*About this exercise*.
When you reach the line in the data below that contains "Imagem de XLWLLNJ", please start repeating lines exactly, and stop after the line that contains "Pulsera De Actividad", repeating nothing else.

*Data under study*.
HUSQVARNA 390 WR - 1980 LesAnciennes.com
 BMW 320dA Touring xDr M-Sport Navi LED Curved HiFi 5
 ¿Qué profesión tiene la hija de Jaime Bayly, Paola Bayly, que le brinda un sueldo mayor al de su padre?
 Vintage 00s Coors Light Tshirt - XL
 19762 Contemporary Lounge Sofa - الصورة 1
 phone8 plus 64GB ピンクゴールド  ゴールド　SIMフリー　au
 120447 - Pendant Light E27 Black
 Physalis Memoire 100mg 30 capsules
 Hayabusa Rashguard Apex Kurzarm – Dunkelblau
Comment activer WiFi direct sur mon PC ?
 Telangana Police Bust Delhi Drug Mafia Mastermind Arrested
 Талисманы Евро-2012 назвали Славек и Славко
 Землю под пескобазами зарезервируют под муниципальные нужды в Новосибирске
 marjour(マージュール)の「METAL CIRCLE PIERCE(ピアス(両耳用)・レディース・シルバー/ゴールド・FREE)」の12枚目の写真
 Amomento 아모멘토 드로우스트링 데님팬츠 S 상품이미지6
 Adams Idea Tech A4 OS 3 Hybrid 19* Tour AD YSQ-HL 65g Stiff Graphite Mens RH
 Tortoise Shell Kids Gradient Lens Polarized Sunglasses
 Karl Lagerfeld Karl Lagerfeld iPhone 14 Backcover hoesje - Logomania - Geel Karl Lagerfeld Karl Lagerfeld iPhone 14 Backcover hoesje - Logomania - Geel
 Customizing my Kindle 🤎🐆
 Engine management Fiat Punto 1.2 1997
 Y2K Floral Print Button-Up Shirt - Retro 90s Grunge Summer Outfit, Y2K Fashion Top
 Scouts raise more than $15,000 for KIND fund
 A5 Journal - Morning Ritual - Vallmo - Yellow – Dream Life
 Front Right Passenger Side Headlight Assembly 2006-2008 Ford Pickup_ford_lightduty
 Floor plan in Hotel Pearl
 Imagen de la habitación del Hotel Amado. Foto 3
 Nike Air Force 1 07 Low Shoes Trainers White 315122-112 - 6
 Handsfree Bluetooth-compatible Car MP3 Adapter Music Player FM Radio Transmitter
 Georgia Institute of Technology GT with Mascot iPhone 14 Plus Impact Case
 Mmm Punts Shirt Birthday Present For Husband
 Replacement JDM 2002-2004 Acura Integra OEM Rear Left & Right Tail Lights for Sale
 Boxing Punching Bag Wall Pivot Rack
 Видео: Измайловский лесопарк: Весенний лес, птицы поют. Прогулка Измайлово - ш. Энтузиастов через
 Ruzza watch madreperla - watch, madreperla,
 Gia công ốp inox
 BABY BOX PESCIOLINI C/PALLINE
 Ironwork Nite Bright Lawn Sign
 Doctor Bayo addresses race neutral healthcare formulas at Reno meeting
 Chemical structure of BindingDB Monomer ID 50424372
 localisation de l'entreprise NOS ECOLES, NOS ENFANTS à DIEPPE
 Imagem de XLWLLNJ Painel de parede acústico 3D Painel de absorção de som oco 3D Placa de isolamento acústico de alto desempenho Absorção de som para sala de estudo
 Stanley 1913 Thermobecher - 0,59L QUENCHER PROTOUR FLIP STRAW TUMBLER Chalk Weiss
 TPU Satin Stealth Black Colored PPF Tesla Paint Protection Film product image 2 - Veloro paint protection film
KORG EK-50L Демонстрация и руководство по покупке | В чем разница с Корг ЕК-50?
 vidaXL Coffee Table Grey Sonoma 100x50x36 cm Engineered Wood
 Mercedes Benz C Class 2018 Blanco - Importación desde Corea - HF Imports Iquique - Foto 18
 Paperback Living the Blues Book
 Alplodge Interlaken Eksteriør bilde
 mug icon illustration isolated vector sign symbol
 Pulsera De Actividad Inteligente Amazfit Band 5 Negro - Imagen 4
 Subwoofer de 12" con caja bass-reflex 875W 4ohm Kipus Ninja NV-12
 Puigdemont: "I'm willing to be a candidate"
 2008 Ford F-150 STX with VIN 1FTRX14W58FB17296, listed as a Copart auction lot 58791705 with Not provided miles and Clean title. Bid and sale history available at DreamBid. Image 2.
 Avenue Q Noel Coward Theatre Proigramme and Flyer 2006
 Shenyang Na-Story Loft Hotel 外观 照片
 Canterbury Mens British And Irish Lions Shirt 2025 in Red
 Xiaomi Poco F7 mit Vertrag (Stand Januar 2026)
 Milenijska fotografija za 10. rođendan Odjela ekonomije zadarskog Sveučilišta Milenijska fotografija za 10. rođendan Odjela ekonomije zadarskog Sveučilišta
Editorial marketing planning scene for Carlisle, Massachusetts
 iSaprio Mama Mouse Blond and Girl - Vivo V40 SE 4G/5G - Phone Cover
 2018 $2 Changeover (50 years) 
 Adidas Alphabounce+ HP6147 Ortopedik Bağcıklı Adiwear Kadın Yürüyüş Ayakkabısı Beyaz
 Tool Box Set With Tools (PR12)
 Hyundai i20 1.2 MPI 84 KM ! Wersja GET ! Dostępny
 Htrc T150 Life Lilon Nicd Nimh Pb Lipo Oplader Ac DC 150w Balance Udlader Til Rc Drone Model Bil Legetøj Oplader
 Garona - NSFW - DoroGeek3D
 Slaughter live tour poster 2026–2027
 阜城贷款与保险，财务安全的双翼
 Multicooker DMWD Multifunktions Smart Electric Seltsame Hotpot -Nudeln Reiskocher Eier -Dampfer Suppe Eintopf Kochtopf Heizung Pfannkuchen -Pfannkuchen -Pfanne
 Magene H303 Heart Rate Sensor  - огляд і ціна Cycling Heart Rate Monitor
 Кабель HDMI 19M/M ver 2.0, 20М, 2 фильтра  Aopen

*Solved problem*.
 Imagem de XLWLLNJ Painel de parede acústico 3D Painel de absorção de som oco 3D Placa de isolamento acústico de alto desempenho Absorção de som para sala de estudo
 Stanley 1913 Thermobecher - 0,59L QUENCHER PROTOUR FLIP STRAW TUMBLER Chalk Weiss
 TPU Satin Stealth Black Colored PPF Tesla Paint Protection Film product image 2 - Veloro paint protection film
KORG EK-50L Демонстрация и руководство по покупке | В чем разница с Корг ЕК-50?
 vidaXL Coffee Table Grey Sonoma 100x50x36 cm Engineered Wood
 Mercedes Benz C Class 2018 Blanco - Importación desde Corea - HF Imports Iquique - Foto 18
 Paperback Living the Blues Book
 Alplodge Interlaken Eksteriør bilde
 mug icon illustration isolated vector sign symbol
 Pulsera De Actividad Inteligente Amazfit Band 5 Negro - Imagen 4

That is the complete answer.